======== Provided data
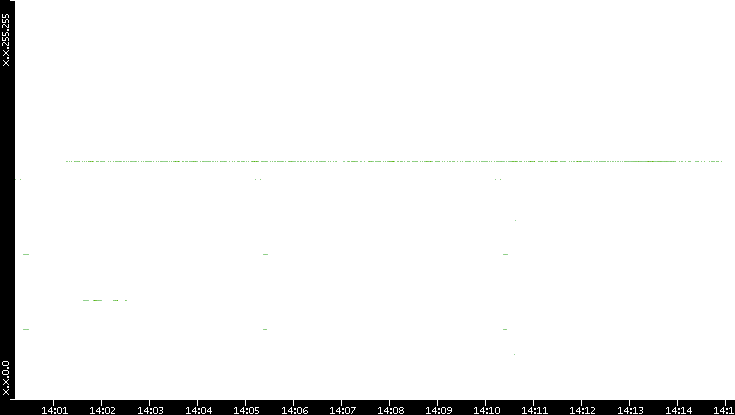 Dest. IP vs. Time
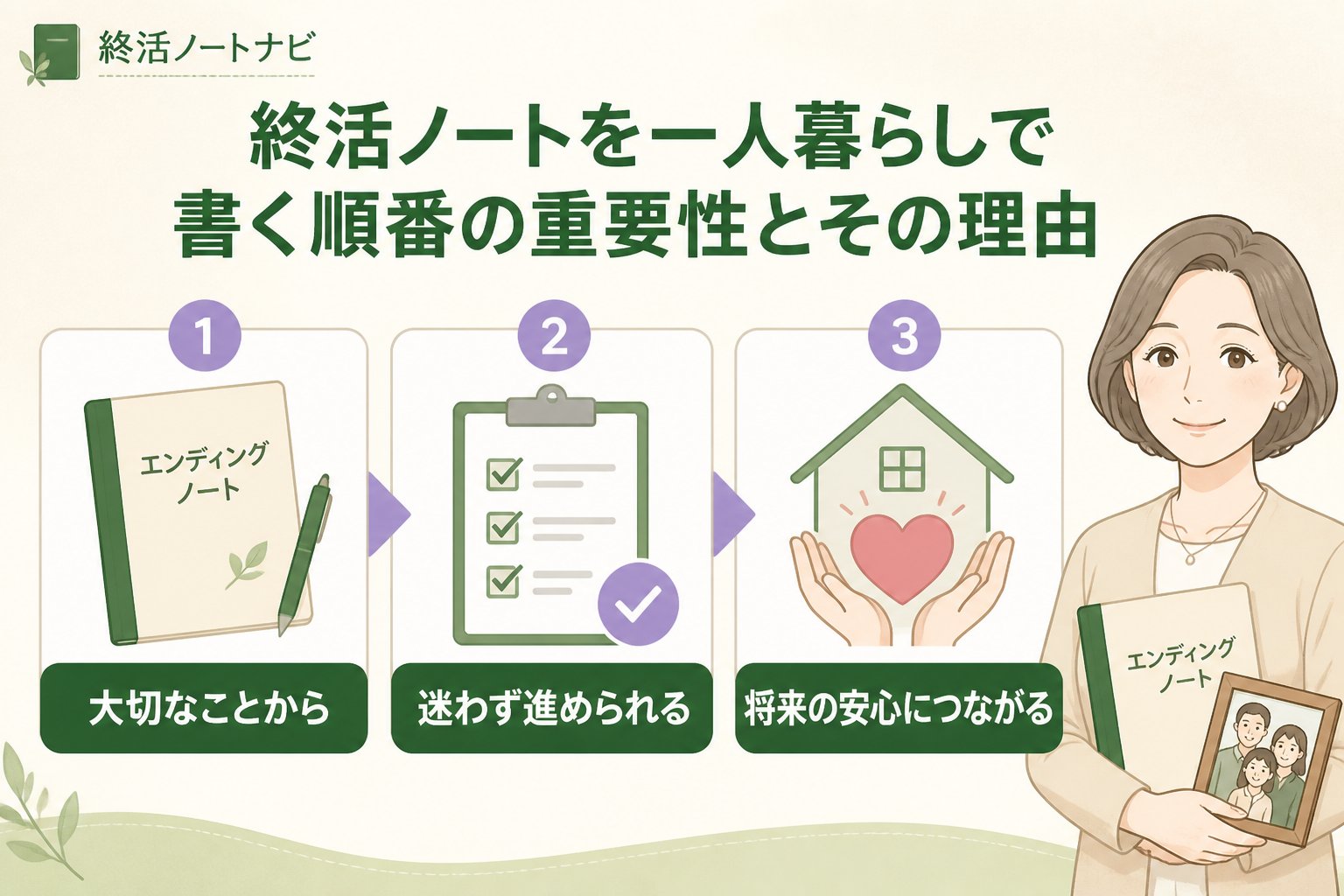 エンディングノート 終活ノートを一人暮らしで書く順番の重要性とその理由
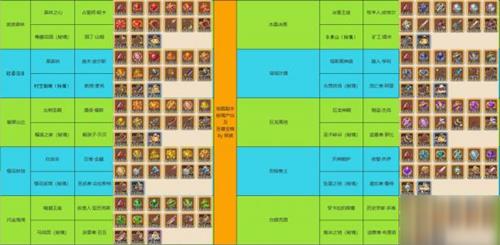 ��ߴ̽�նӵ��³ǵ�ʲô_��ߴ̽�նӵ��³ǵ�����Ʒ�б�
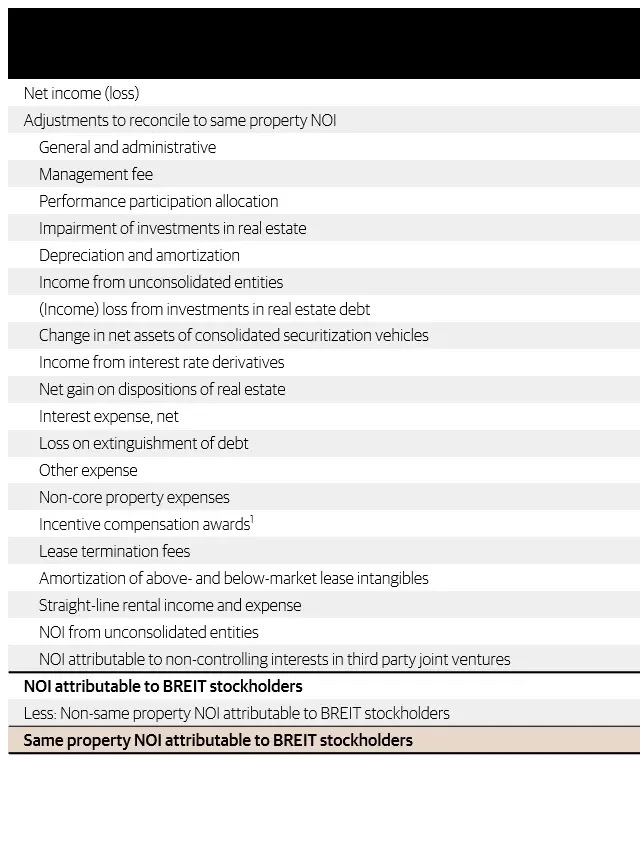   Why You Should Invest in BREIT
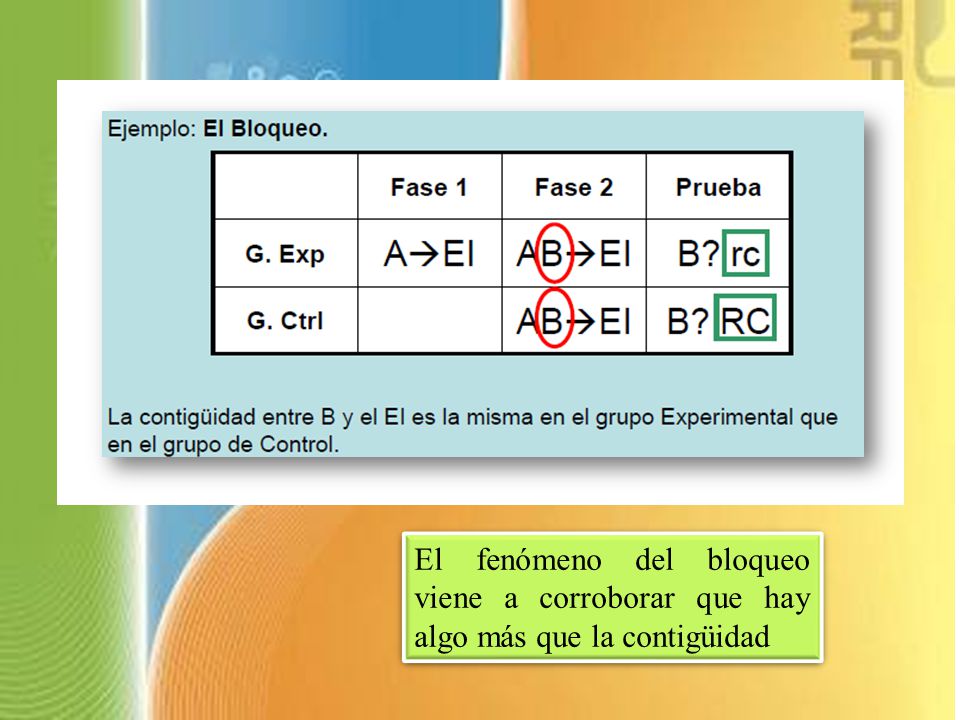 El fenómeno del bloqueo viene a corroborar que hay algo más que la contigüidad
================
What to produce
Output the records above in their entirety and exactly, leaving out all images.

Task output
 Dest. IP vs. Time
 エンディングノート 終活ノートを一人暮らしで書く順番の重要性とその理由
 ��ߴ̽�նӵ��³ǵ�ʲô_��ߴ̽�նӵ��³ǵ�����Ʒ�б�
   Why You Should Invest in BREIT
 El fenómeno del bloqueo viene a corroborar que hay algo más que la contigüidad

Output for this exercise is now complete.